I recently changed jobs from local government with a pension to an out of system non-profit. I was in my gov't position for 4 years, and I'm not fully vested in the pension plan but I do have around $7,200 of my own contributions sitting there and I'm in a bind about what to do with the balance. The way I see it, I have basically 3 options:
Option 1
Withdraw it all in a lump sum. If I do this, I'll take a hit of 20% upfront in federal taxes, a 10% excise tax penalty for early withdrawal when I file this year's taxes, and state income taxes next year (about 4.5%). So in all, my $7,200 would be a lump sum payment of about $4,716. We don't carry a credit card balance and we're just about to pay off our car (I know I know, we financed it but that was before I became a mustachian). So I could put it toward our mortgage (remaining balance of $68,000 at 3.5% interest) or invest it into a dividend or index fund (although I'm a bit worried the market is overvalued at the moment and I wouldn't be getting the best deal, dollar cost speaking).
Option 2
Rollover into an IRA tax free. The problem here is that my new employer only offers a SIMPLE IRA and my understanding of the SIMPLE IRA is that there are a lot of restrictions on rollovers and can only be done from/to another SIMPLE IRA. That would mean I'd need to open up a new IRA, either Roth or Traditional (I suppose? I haven't really explored this option yet).
Option 3
Do nothing. I leave my money sitting there where the state guarantees to earn a flat 4% per year indefinitely. After I turn 55 (currently I'm 29) I could withdraw it without the 10% penalty. Running the amount through the Motley Fool investment calculator though and estimating 2% inflation, my investment would be worth all of $8,873 in 26 years. And I'd still be on the hook for the federal and state taxes if I understand it correctly.

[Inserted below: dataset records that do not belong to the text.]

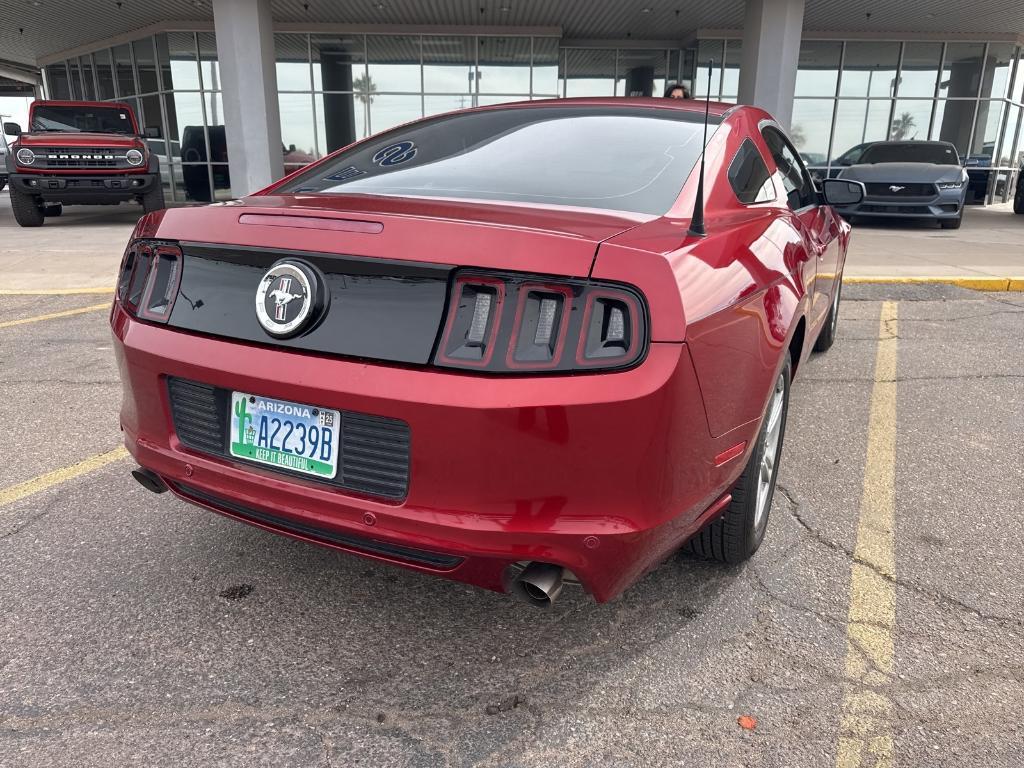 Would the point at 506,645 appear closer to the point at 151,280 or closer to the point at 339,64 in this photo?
the point at 151,280

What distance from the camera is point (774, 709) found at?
187 cm

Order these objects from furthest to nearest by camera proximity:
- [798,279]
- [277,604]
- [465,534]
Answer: [798,279] < [277,604] < [465,534]

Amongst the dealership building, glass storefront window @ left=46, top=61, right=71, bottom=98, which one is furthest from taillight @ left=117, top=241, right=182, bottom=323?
glass storefront window @ left=46, top=61, right=71, bottom=98

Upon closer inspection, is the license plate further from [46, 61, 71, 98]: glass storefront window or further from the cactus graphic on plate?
[46, 61, 71, 98]: glass storefront window

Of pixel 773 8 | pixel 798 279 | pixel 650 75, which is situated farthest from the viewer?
pixel 650 75

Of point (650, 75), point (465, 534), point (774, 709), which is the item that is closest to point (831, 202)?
point (774, 709)

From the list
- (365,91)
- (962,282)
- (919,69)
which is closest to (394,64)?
→ (365,91)

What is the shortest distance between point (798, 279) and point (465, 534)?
5.50 ft

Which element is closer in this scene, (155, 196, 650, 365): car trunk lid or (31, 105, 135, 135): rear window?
(155, 196, 650, 365): car trunk lid

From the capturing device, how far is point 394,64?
60.1 ft

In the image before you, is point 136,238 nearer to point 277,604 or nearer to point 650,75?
point 277,604

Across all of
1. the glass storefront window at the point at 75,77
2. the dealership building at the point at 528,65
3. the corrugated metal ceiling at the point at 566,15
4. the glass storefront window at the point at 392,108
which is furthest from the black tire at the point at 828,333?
the glass storefront window at the point at 75,77

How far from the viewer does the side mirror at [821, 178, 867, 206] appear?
160 inches

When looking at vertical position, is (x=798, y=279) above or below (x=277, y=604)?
above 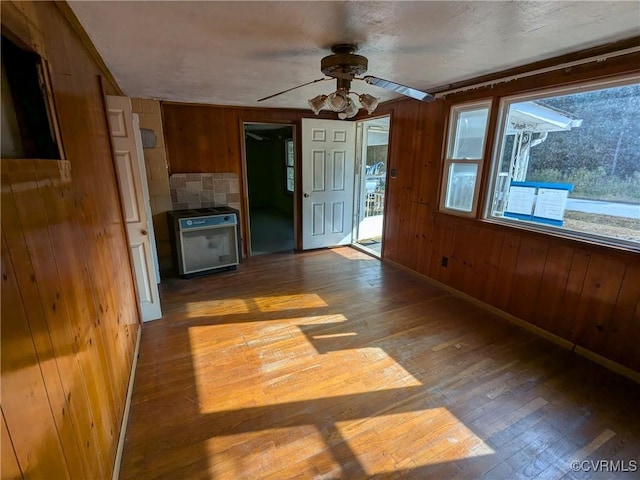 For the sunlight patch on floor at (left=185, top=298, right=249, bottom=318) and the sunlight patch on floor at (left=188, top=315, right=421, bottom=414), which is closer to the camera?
the sunlight patch on floor at (left=188, top=315, right=421, bottom=414)

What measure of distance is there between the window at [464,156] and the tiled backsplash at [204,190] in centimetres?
276

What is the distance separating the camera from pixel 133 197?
2.52m

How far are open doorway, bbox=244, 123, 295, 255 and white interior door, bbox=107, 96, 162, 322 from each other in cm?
304

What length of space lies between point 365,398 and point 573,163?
2.30m

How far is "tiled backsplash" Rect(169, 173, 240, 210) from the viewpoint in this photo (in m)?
4.00

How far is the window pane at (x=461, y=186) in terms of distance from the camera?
3080mm

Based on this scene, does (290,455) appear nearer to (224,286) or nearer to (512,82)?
(224,286)

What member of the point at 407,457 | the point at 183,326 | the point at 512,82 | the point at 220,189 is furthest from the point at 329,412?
the point at 220,189

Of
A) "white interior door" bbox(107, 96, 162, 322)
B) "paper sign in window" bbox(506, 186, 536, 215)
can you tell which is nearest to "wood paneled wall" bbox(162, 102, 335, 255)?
"white interior door" bbox(107, 96, 162, 322)

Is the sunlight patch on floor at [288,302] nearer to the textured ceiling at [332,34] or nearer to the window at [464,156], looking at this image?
the window at [464,156]

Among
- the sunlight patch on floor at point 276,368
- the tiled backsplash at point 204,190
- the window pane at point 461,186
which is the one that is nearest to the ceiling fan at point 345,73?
the window pane at point 461,186

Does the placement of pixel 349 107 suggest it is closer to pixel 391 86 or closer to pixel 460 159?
pixel 391 86

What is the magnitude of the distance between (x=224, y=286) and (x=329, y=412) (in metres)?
2.14

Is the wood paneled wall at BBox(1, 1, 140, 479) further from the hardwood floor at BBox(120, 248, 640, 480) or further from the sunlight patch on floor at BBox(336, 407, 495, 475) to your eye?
the sunlight patch on floor at BBox(336, 407, 495, 475) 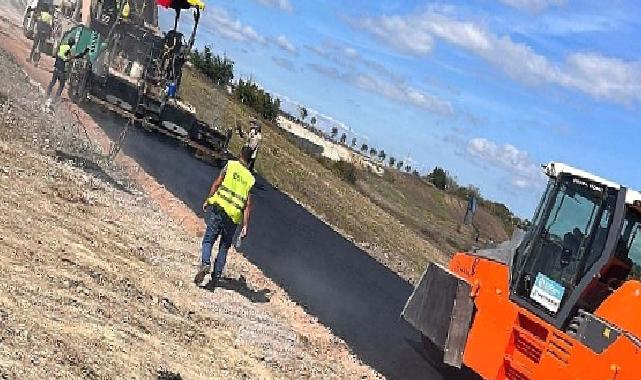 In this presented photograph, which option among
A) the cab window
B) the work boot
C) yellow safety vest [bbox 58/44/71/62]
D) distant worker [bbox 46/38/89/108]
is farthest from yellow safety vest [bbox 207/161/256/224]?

Unless there's a better argument or something I'm missing about Option 3, I'm essentially taking that one off the table. Personally, I'm partial to putting it into a dividend fund, expecting that the market over the next 25+ years will outperform the 3.5% I'd save on my mortgage or the 4% I'd earn leaving it where it is, and hopefully would more than make up for the tax hit and penalty. I lean away from the rollover option simply because it "locks up" my money for many years and we have aspirations of buying rental or commercial properties down the road.
Many thanks in advance for your thoughts!